┌─ Source material
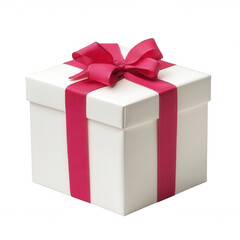 Gift box with a pink ribbon, isolated on a white background.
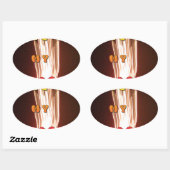 Sticker Ovale Fire in My Heart Art Print (Feuille)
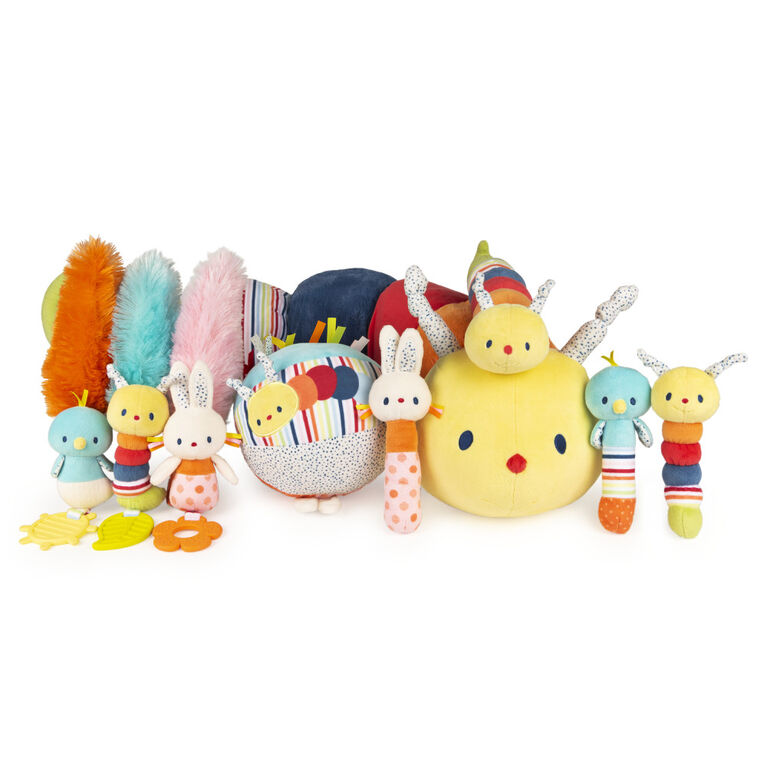 Baby GUND Tinkle Crinkle Caterpillar Stick Rattle, Sensory Stimulating Plush Baby Rattle, 5.5"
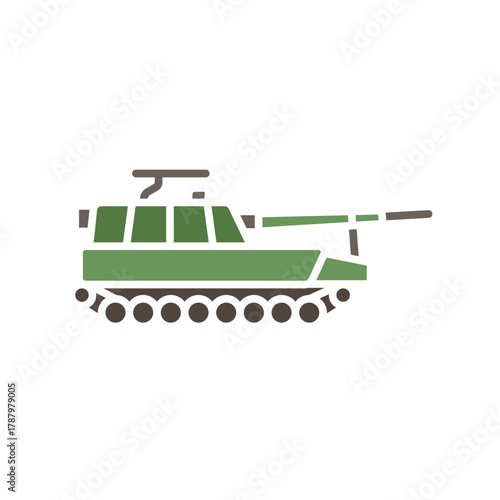 self propelled artillery black line icon. Vector isolated element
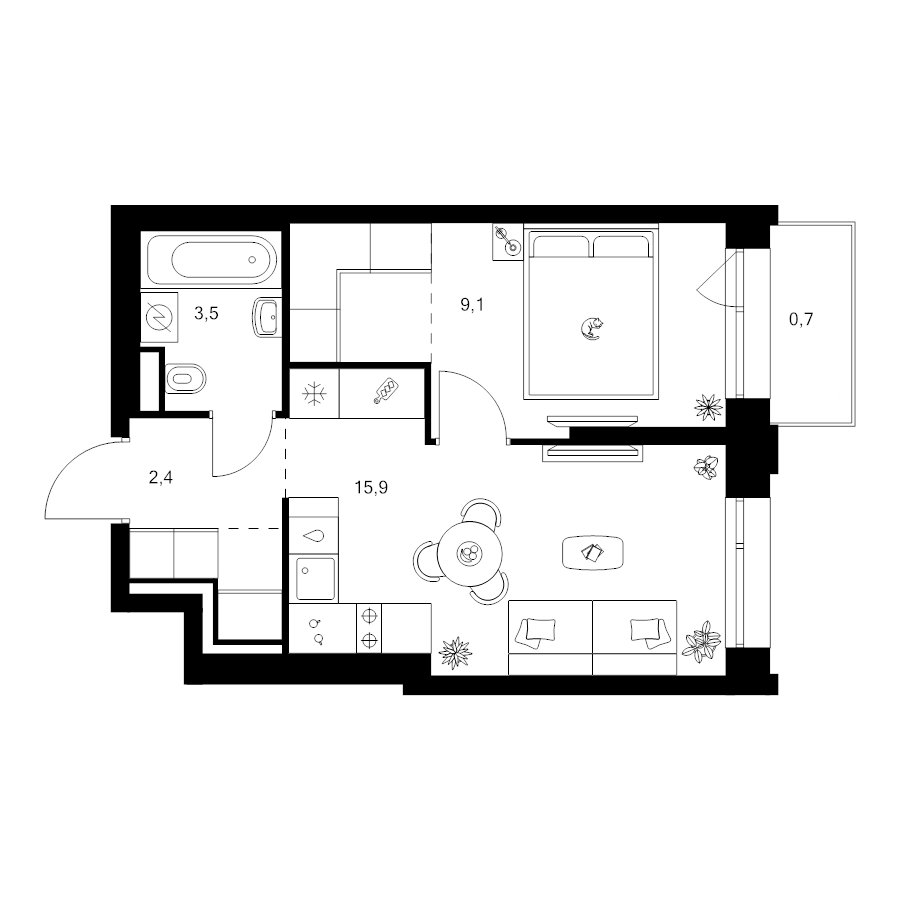 2 ккв (Евро) 36,1 м²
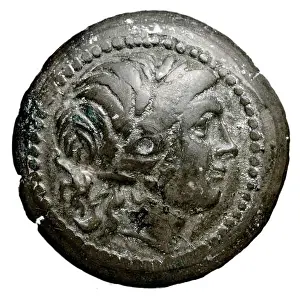 2nd Century Prints: A bronze coin from Cyzique, Mysie, created by an ancient mint, dating to around 200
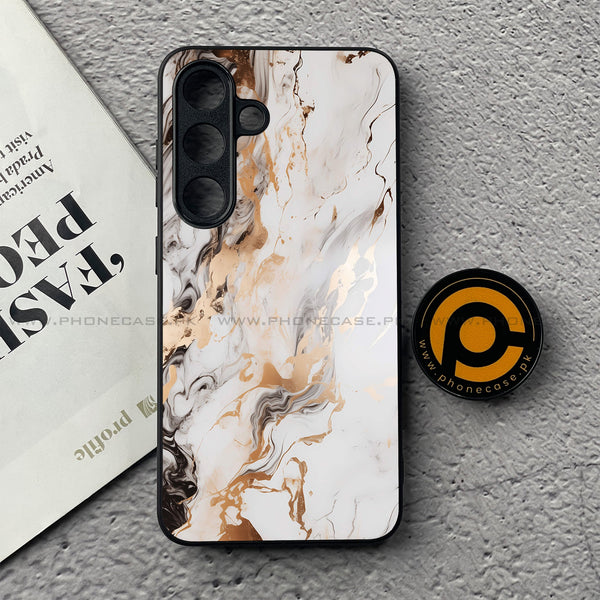 Samsung Galaxy S25 FE - Liquid Marble Series - Premium Metal Printed soft Bumper shock Proof Case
└─
§ **What you have to do**
Please restate the material word for word; the pictures stay out.

§ **Result of this exercise**
 Gift box with a pink ribbon, isolated on a white background.
 Sticker Ovale Fire in My Heart Art Print (Feuille)
 Baby GUND Tinkle Crinkle Caterpillar Stick Rattle, Sensory Stimulating Plush Baby Rattle, 5.5"
 self propelled artillery black line icon. Vector isolated element
 2 ккв (Евро) 36,1 м²
 2nd Century Prints: A bronze coin from Cyzique, Mysie, created by an ancient mint, dating to around 200
 Samsung Galaxy S25 FE - Liquid Marble Series - Premium Metal Printed soft Bumper shock Proof Case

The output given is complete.